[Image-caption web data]
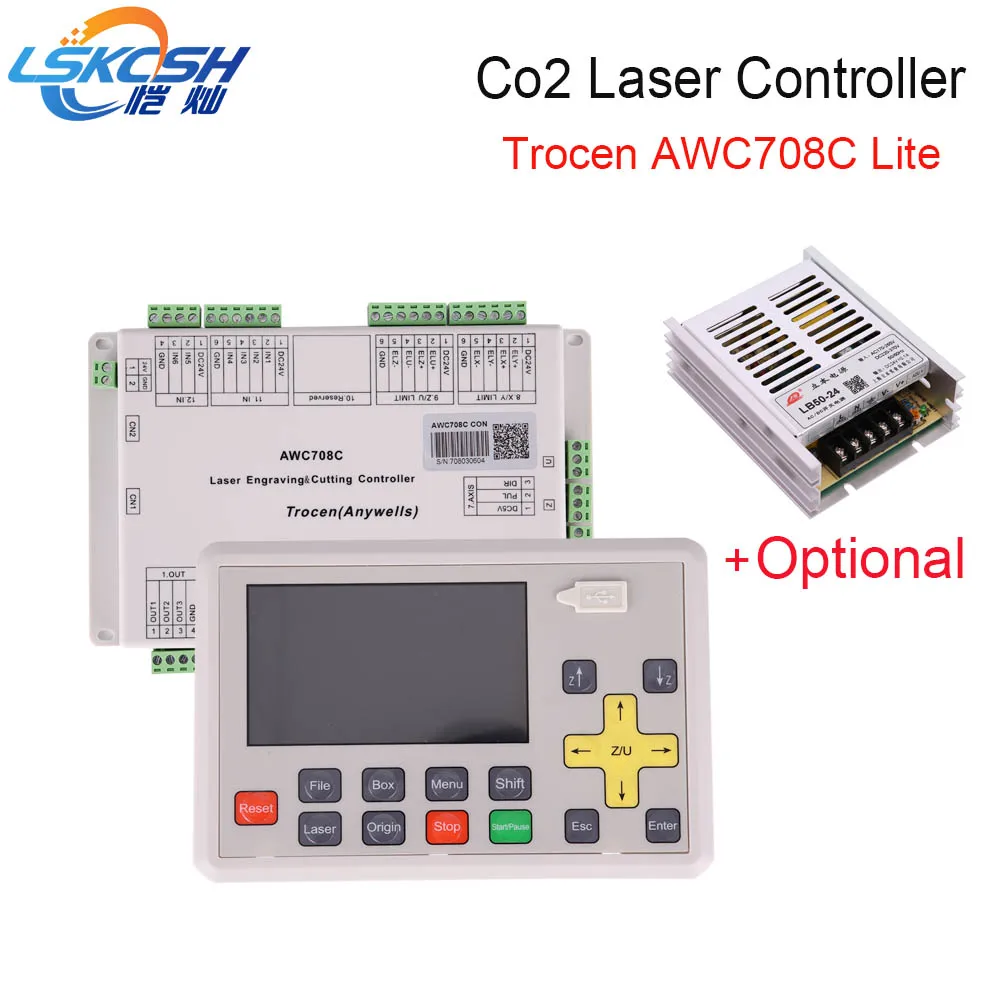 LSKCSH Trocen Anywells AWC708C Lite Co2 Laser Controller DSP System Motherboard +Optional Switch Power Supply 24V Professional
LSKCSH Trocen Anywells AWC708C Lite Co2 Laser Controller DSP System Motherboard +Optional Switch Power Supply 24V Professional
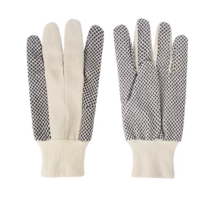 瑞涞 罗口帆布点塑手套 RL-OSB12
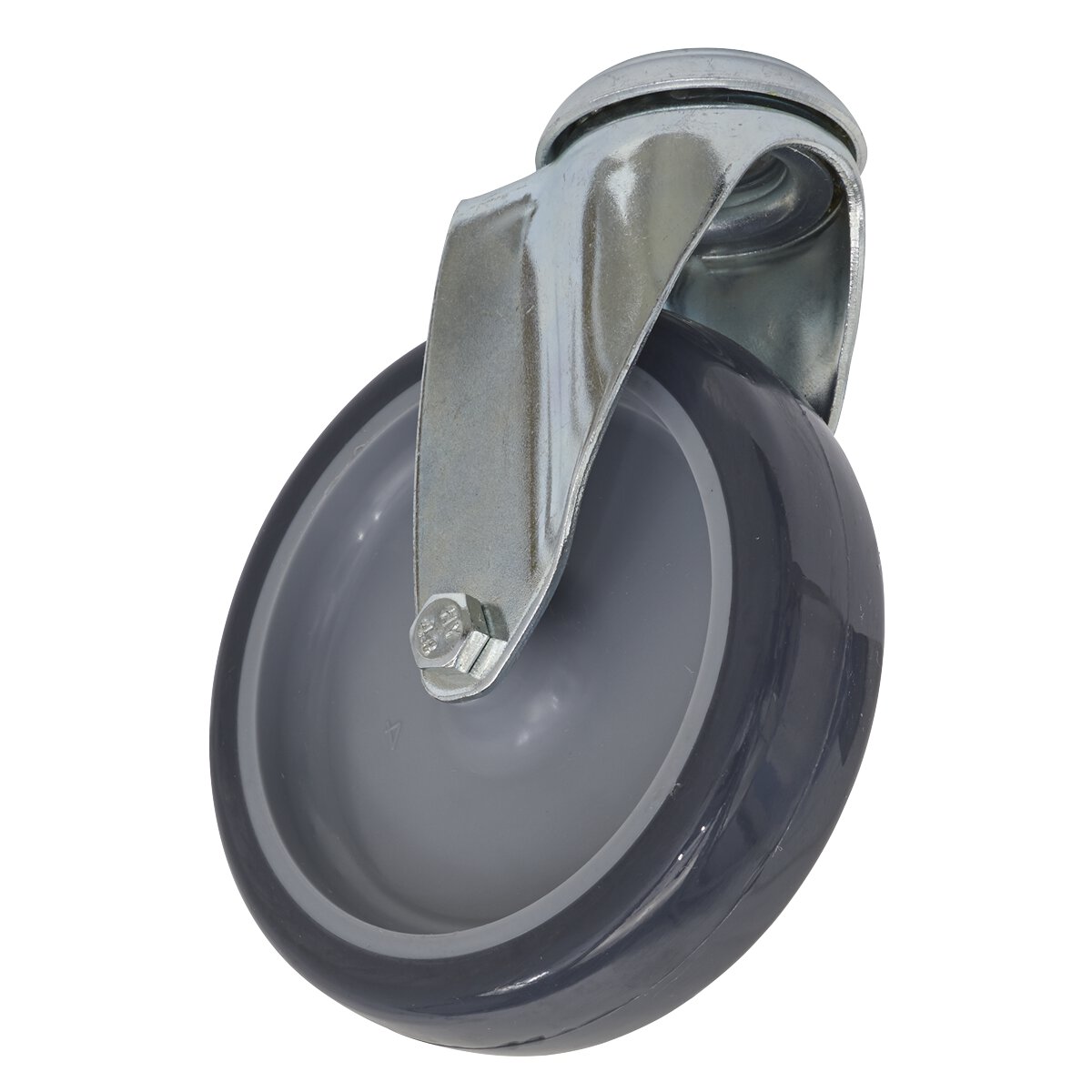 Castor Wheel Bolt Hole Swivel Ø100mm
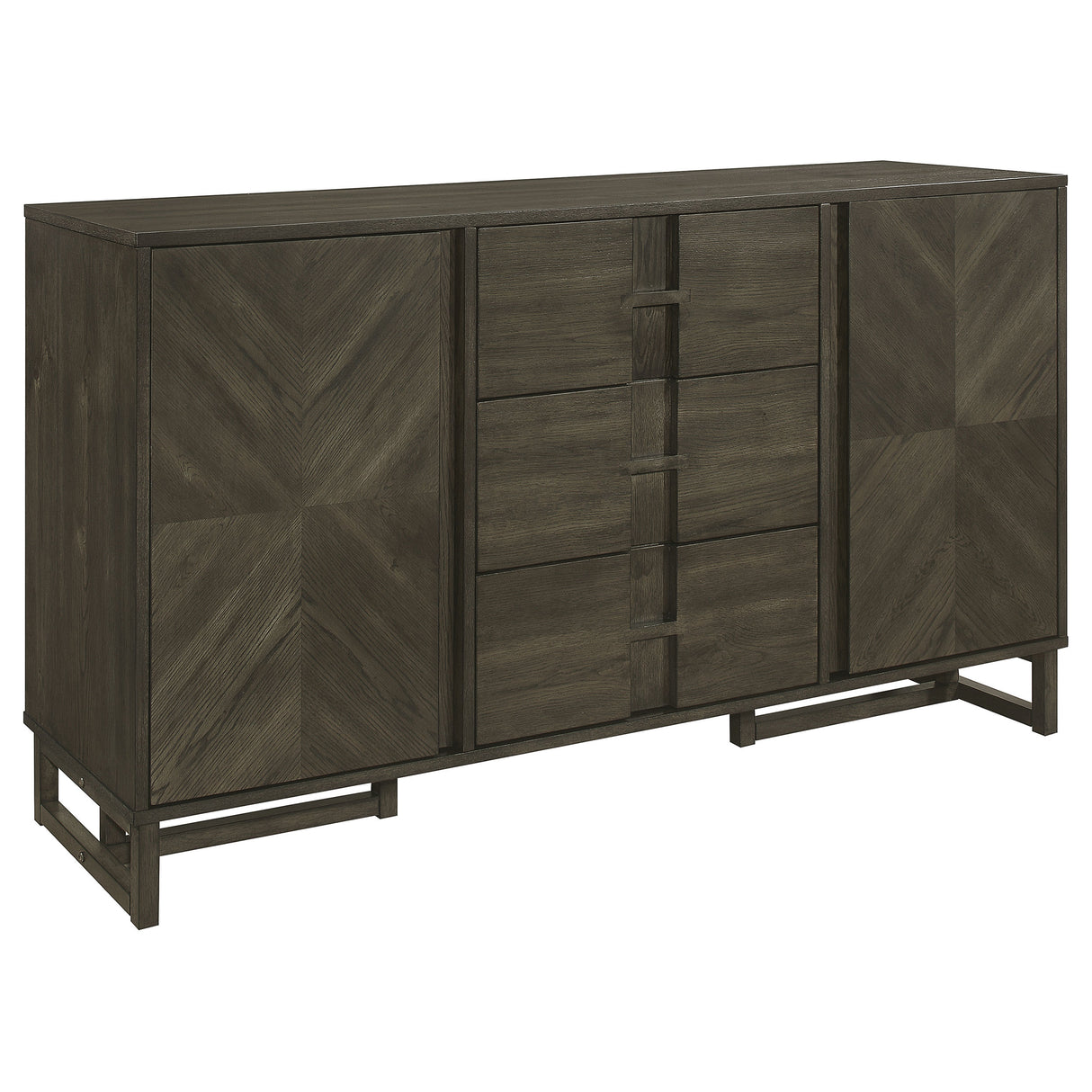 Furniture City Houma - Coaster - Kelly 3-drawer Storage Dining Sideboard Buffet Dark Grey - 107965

> Exercise instructions:
In your copy, include no pictures, but set down every record exactly.

> Result below:
 LSKCSH Trocen Anywells AWC708C Lite Co2 Laser Controller DSP System Motherboard +Optional Switch Power Supply 24V Professional
LSKCSH Trocen Anywells AWC708C Lite Co2 Laser Controller DSP System Motherboard +Optional Switch Power Supply 24V Professional
 瑞涞 罗口帆布点塑手套 RL-OSB12
 Castor Wheel Bolt Hole Swivel Ø100mm
 Furniture City Houma - Coaster - Kelly 3-drawer Storage Dining Sideboard Buffet Dark Grey - 107965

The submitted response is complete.